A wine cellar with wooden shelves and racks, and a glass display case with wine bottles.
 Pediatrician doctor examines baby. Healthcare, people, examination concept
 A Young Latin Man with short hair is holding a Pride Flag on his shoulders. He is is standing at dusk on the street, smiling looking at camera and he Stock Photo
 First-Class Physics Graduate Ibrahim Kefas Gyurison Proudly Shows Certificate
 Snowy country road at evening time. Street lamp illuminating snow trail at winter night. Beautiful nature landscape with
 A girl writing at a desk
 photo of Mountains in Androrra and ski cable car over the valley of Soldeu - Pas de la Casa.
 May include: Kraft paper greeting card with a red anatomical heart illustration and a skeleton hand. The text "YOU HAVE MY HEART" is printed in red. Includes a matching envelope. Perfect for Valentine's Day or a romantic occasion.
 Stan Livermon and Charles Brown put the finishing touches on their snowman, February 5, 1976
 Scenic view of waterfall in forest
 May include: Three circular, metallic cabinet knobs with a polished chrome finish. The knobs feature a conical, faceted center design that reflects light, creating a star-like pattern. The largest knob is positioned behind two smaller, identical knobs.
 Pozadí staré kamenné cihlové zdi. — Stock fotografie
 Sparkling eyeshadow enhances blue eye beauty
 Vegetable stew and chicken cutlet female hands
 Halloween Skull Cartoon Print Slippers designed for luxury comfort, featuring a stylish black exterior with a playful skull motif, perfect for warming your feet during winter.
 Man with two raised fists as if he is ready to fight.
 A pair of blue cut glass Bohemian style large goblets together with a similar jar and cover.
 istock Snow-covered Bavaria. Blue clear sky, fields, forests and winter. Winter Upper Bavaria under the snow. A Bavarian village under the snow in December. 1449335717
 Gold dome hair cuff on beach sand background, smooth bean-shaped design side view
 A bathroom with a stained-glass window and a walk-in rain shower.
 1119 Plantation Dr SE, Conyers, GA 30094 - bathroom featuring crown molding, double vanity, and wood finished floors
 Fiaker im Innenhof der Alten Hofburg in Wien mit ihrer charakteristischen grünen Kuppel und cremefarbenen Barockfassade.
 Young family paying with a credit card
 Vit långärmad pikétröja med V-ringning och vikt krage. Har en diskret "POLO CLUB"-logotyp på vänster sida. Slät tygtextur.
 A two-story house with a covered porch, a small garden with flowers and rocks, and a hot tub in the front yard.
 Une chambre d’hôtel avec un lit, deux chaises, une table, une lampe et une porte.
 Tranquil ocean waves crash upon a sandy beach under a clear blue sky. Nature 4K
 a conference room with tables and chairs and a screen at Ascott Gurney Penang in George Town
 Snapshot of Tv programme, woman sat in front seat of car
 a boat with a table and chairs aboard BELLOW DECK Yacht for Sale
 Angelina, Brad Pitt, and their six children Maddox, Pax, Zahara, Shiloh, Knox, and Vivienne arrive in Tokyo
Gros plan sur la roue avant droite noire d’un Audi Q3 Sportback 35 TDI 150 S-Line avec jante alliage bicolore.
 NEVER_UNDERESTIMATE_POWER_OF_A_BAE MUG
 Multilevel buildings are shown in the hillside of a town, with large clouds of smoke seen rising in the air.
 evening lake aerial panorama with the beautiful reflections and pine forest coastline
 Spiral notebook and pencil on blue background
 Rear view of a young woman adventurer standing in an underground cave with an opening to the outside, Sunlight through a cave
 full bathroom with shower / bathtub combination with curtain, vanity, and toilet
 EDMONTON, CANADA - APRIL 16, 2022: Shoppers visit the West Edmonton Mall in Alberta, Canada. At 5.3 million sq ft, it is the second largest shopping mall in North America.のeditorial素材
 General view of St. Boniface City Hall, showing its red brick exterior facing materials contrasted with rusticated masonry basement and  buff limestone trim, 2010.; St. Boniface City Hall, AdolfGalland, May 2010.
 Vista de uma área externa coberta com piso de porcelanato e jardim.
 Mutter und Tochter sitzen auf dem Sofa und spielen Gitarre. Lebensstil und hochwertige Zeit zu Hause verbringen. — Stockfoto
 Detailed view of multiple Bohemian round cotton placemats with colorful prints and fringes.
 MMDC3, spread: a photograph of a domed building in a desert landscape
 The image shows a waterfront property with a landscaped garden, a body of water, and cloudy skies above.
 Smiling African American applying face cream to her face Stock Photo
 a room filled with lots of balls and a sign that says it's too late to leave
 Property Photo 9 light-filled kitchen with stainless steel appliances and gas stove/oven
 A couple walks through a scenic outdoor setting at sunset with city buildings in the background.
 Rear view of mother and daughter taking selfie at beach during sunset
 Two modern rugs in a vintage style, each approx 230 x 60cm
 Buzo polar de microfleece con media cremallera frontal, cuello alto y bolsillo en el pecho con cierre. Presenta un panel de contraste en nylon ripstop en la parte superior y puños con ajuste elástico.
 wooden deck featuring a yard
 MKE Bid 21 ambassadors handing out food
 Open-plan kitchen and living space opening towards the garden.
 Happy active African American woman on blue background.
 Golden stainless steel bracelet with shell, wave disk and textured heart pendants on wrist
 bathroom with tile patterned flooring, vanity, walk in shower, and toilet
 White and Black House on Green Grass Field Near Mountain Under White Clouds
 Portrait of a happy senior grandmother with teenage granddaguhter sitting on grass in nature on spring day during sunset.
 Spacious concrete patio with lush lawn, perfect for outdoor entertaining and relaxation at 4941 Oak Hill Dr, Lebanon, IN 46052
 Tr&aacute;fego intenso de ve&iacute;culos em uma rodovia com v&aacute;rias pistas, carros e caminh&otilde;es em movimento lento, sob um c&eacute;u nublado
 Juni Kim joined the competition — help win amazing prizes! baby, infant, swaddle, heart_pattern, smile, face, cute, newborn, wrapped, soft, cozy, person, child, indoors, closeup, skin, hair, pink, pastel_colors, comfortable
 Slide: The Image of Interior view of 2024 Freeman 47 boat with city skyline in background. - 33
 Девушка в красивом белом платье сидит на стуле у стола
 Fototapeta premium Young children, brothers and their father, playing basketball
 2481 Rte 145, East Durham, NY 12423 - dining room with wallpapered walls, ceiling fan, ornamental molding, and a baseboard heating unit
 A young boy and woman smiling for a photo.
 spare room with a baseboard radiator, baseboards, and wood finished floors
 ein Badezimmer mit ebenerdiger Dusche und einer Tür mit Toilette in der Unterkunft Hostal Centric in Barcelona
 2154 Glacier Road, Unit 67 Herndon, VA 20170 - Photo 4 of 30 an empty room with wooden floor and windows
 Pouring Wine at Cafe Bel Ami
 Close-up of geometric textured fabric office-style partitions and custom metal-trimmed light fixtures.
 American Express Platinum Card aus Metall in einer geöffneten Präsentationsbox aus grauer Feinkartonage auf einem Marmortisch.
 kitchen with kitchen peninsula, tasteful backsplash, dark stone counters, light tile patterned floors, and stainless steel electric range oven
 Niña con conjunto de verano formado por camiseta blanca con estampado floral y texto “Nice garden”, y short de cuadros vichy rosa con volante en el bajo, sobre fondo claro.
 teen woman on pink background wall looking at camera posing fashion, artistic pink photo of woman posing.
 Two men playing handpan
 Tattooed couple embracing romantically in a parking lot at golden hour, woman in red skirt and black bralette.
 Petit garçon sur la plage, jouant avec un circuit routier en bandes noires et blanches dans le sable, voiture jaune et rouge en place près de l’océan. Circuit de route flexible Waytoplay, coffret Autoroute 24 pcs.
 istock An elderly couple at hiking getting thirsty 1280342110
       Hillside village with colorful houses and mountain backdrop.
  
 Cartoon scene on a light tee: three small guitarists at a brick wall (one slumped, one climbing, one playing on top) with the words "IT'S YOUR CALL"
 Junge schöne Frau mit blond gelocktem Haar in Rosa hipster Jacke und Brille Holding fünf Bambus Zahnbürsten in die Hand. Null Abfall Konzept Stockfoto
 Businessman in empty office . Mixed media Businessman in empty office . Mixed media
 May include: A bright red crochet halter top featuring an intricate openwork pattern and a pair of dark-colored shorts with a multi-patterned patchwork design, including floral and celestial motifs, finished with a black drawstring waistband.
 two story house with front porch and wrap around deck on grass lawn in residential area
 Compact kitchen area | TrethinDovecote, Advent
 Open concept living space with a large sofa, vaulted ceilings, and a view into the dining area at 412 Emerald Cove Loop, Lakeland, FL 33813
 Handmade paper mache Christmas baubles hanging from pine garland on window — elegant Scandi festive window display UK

━━━━━━

#### Goal of the exercise
Transcribe each line of the data above, unaltered, from the one where "wooden deck featuring a yard" appears to the one where "Spacious concrete patio" appears, inclusive of both.

#### Exercise output
 wooden deck featuring a yard
 MKE Bid 21 ambassadors handing out food
 Open-plan kitchen and living space opening towards the garden.
 Happy active African American woman on blue background.
 Golden stainless steel bracelet with shell, wave disk and textured heart pendants on wrist
 bathroom with tile patterned flooring, vanity, walk in shower, and toilet
 White and Black House on Green Grass Field Near Mountain Under White Clouds
 Portrait of a happy senior grandmother with teenage granddaguhter sitting on grass in nature on spring day during sunset.
 Spacious concrete patio with lush lawn, perfect for outdoor entertaining and relaxation at 4941 Oak Hill Dr, Lebanon, IN 46052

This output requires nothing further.